ReLIRE : conditions de numérisation et dépenses d'argent public à réviser ?

Nicolas Gary - 31.08.2015

Lecture numérique - Législation - registre ReLIRE - oeuvres indisponibles - numérisation livres


Il était temps que les députés s’inquiètent quelque peu de savoir ce que coûte le processus ReLIRE, ou Registre des œuvres indisponibles en réédition numérique. Christophe Premat (socialiste), sollicite ainsi la ministre de la Culture, pour obtenir quelques renseignements sur les dépenses d’argent public.

 

Registre ReLIRE

Pas à dire : les marque-pages papier pour des livres numériques, c'est pensé

ActuaLitté, CC BY SA 2.0

 

 

Ah, ReLIRE : cette entreprise destinée à commercialiser des œuvres indisponibles en format papier, et dont le droit de numérisation aura été habilement obtenu par quelques contorsions législatives. Projet hautement patrimonial, ReLIRE se présente comme la solution permettant de scanner des ouvrages papier, puis vendre des ebooks. Un modèle de vertu.

 

Mais le député Christophe Premat s’interroge sur ces dépenses faites avec l’argent du contribuable. Dans sa question à Fleur Pellerin, il passe en revue toutes les procédures auxquelles s’est trouvée confrontée à législation. Pour aboutir à la Cour de Justice de l’Union européenne, aujourd’hui sollicitée par le Conseil d’État. La CJUE devra en effet définir si la procédure d’opt-out est conforme avec le droit européen.

 

« Si l’auteur n’exerce pas activement son droit d’opt-out, l’éditeur peut alors recourir à cette numérisation et commercialiser le livre », note ainsi le député. Et d’ajouter : « Les bibliothèques sont les cibles de ces bouquets numériques et le risque est d’utiliser de l’argent public pour le profit d’une société qui s’est arrogé les droits de numériser la réédition de l’œuvre. »

 

Pour la CJUE, il s’agira donc de dire si l’opt-out est une exception. A contrario, si l’on avait affaire à un opt-in, où les auteurs verseraient volontairement leurs œuvres dans le processus, la question ne se poserait plus.

 

Le député sollicite donc l’avis de la ministre « sur la nécessité de réviser les conditions de la numérisation des œuvres indisponibles ». Autrement dit : l’opt-out ne devrait-il pas être revisé dès maintenant, plutôt que d’attendre l’avis de la CJUE ?

 

Le député frappe juste en ciblant « le contrôle de l’argent public dans les opérations de numérisation des œuvres indisponibles ». Jusqu’à présent, ReLIRE a coûté un joli montant de communication publicitaire – estimé à près d'un million d'euros –, prétendument pour alerter les auteurs de sa mise en place.
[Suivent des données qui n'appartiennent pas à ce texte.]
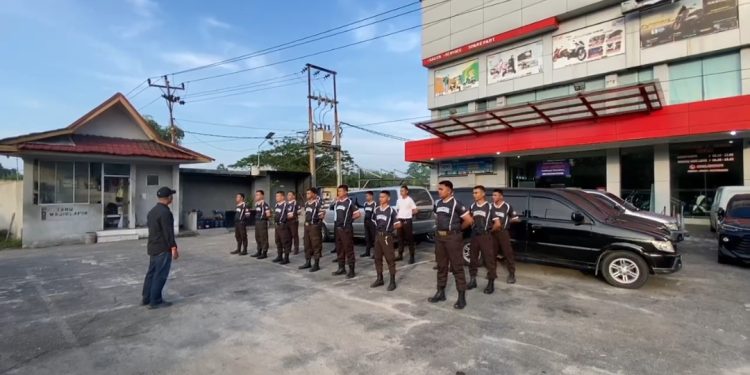 jasa keamanan pekanbaru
Et il est de notoriété publique que ce système n’a eu que des retombées modestes, voire inexistante. Et qu’aucun audit n’a démontré l’efficacité de ses campagnes.

 

Notons à ce titre que l'on continue de voir des publicités achetées auprès des services de Google, pour la promotion de ReLIRE, plus que convaincantes, comme nous le signale un internaute. Evidemment, l'argent n'est dépensé qu'en cas de clic sur la publicité (modèle coût par clic), mais encore faut-il solliciter les bons mots-clefs pour qu'elle apparaisse : 

 

Relire oeuvres indisponibles

 

Attendu que le risque n’est pas nul de voir le dispositif censuré, et que la CJUE, s’adressant au Conseil d’État, pourrait exiger une mise en conformité, on est en droit de s’interroger sur les montants investis et à venir. Impossible, cependant, de croire que le passage à l’opt-in sauverait les sommes engagées. Alors, que faire ?

 

NB : Le député évoque 

 

La mise en ligne du registre des œuvres indisponibles en réédition numérique (ReLire) a permis de publier des dizaines de milliers d’ouvrages destinés à être numérisés et à être commercialisés.

 

Qui est imprécis : la mise en ligne du registre n'a pas, à proprement parler, permis de publier. Les structures intéressées, sous conditions, doivent formuler leurs demandes auprès de la Sofia. Elles ne pourront publier lesdits ebooks qu'après la numérisation par FeniXX.